Context: Thailand subsidizes health-care costs, allowing citizens access to health care without out-of-pocket expenses. However, some citizens still spend large amounts of money on treatment provided at tertiary care hospitals. Aim: To identify the proportion of patients whose visits are not covered by national health insurance at the tertiary hospital and their reasons for visiting. Settings and Design: Prospective, descriptive study in patients visiting Srinagarind hospital outpatient department from July to September 2019. Subjects and Methods: We gathered and analyzed the data regarding demographics, hospital visits, and illness severity using a questionnaire. Statistical Analysis Used: Descriptive analyses and logistic regression were performed as appropriate. Results: Of the 700 participants, 40% (95% confidence interval 36.3–43.7) was not covered for their visits. The three common reasons visiting this hospital were desire of treatment from a specialist (42.9%), the reputation of the hospital (31.4%), and service satisfaction (26.6%). Conclusions: Although the national health-care system provides a gratis service pathway, some people still pay out-of-pocket unnecessarily. Officials should work to better raise the level of public confidence in the primary and secondary care units.


Keywords: Community medicine, general practice, health insurance, self-referral, tertiary care


How to cite this article:
Phankitiya S, Luvira V. Self-referral to the university hospital resulting in unnecessary patient expenses: A prospective descriptive study in a super-tertiary hospital. Indian J Community Med 2021;46:295-9

How to cite this URL:
Phankitiya S, Luvira V. Self-referral to the university hospital resulting in unnecessary patient expenses: A prospective descriptive study in a super-tertiary hospital. Indian J Community Med [serial online] 2021 [cited 2021 Jun 20];46:295-9. Available from: https://www.ijcm.org.in/text.asp?2021/46/2/295/317064





   Introduction Top


Unnecessary expenses for medical issues, is the one of problem in the developing country, which indicates social disparity. The people living in remote area, who usually have lower income, need to pay more expense for their illness. Decentralization in the health-care system is the one of the strategy to decrease these disparities and increase the quality of life of the people who live in the remote area.

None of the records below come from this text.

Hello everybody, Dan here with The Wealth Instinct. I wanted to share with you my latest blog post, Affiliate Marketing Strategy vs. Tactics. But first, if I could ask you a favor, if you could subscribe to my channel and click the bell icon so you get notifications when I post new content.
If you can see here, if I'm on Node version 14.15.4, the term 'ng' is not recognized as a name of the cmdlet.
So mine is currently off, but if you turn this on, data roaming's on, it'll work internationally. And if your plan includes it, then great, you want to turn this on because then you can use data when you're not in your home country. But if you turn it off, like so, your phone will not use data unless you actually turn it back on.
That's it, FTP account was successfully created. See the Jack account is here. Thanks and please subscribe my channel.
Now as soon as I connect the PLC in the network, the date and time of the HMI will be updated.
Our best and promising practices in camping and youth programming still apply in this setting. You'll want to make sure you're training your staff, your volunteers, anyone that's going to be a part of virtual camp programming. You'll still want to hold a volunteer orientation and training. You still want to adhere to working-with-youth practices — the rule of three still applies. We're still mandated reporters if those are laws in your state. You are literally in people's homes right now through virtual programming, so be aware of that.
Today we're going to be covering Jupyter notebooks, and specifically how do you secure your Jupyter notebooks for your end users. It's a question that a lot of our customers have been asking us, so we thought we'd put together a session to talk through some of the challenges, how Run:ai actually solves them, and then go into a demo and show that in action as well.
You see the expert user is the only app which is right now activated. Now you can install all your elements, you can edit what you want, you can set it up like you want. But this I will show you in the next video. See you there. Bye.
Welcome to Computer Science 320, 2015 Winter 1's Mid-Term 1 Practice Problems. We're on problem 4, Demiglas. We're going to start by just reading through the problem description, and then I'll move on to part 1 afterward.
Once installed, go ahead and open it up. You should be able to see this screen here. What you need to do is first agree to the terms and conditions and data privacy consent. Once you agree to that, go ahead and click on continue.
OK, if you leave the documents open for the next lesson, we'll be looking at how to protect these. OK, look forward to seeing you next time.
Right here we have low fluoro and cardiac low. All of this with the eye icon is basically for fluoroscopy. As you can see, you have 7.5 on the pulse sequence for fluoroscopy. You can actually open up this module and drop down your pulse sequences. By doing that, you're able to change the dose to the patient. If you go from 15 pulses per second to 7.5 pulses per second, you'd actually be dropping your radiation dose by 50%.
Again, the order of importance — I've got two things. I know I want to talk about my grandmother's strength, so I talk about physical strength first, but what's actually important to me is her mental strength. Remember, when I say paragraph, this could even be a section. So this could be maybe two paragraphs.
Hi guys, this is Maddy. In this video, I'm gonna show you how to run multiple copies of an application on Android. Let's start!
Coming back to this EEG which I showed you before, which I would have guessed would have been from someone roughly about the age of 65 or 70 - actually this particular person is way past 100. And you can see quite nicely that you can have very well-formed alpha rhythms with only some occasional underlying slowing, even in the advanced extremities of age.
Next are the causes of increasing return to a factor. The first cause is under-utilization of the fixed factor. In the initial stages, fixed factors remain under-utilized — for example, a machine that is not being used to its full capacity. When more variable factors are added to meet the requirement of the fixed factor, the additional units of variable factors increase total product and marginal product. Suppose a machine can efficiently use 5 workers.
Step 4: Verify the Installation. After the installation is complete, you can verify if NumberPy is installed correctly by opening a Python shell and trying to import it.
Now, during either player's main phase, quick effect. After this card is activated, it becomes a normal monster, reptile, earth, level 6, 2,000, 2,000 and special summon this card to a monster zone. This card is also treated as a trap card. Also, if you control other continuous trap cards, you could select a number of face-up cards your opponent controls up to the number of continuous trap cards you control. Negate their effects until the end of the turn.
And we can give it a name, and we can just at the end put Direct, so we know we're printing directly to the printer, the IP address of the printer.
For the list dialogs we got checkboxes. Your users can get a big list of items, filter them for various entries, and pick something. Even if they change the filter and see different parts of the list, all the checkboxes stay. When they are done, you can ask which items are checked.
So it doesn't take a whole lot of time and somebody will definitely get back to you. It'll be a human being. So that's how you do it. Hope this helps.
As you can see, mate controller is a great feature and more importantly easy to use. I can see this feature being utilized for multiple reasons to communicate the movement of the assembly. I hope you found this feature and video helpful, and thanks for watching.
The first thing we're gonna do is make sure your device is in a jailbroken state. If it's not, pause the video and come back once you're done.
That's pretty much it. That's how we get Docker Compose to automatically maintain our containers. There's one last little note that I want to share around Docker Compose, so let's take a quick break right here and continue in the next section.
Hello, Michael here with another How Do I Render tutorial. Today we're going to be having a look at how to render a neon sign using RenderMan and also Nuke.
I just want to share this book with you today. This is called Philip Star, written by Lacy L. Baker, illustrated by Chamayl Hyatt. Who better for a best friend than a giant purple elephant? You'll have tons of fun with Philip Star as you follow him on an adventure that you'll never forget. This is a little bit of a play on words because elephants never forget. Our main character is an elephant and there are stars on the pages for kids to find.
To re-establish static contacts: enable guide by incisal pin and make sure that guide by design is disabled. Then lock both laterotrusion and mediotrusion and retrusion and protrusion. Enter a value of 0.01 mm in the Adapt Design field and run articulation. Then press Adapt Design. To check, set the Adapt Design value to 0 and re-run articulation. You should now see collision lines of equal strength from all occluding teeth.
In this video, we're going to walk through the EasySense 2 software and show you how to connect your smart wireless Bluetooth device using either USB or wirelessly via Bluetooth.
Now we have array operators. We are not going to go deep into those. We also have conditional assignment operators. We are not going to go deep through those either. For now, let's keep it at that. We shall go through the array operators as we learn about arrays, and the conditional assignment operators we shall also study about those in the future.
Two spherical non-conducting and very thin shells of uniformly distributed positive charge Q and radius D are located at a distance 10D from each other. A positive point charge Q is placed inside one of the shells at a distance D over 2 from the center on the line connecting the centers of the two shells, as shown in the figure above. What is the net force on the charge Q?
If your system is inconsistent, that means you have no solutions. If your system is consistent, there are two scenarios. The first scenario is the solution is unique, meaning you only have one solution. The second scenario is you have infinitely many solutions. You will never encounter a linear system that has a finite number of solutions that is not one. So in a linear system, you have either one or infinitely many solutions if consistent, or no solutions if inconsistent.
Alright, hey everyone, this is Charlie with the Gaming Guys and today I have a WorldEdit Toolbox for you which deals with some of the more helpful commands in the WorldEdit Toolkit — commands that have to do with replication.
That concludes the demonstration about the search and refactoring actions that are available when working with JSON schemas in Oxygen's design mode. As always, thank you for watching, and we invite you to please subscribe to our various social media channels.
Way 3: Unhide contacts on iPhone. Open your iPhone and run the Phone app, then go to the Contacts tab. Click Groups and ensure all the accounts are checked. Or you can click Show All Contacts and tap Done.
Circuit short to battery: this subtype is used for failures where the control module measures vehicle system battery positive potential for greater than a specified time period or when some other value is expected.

Thailand had been listed as one of the most wealth inequality countries. There are many strategies to reduce this gap, including government-provided health insurances. Although Thailand is one of many countries that subsidizes health care for its citizens, many Thai citizens pay for health-care services out-of-pocket unnecessarily. Currently, most of the Thai population has health insurance provided by the government under the Universal Health Coverage Scheme (UCS), Social Health Insurance Scheme (SHI), and Civil Servant Medical Benefit Scheme (CSMBS).[1] In order to be covered under the UCS and SHI, patients are obliged to visit the primary or secondary care unit of an affiliated hospital before referral to a tertiary care unit if the disease progresses beyond center capability.[2] The CSMBS covers the full cost of any public hospital visit, excluding those of any unnecessary investigations or drugs not included in the National List of Essential Medicines (NLEM). The Thai public health system encourages patients to visit a primary care unit first. Then, if the patient's condition does not improve, to be transferred to a secondary and tertiary care unit, as appropriate. No payment is required for patients who seek treatment through this referral system (besides the drug and unnecessary treatment exceptions mentioned above).

Northeast Thailand is the region with the country's largest population, which has the lowest average income. The largest health-care provider in this region is Srinagarind Hospital in Khon Kaen Province. Srinagarind Hospital is a tertiary care unit, where expected to take care only the patients who require the specialists, still has walk-in patients who do not require a specialist. However, patients there not covered under the CSMBS must pay out of pocket.

Since this hospital is a tertiary care medical school with many specialists and access to a large amount of medical equipment, it attracts patients from provinces throughout the Northeast, many of whom could have been treated at their local affiliated health-care unit. This results in hospital overcrowding, which increases the risks of infection and mortality, dissatisfaction with the service provided, medical error, health-care provider burnout, and most importantly, unnecessary expenses of the poor patients.[3] The factors found to be associated with patient self-referral in other countries are desire of treatment by a specialist, treatment quality (including drugs and laboratory investigation),[4],[5],[6] and the perception of severe illness progression.[7] This study was thus conducted to identify the reasons patients present at the Srinagarind hospital outpatient department and visit the hospital from out of province to establish the development process of primary and secondary care providers and to reduce the disparities in our region as a final goal.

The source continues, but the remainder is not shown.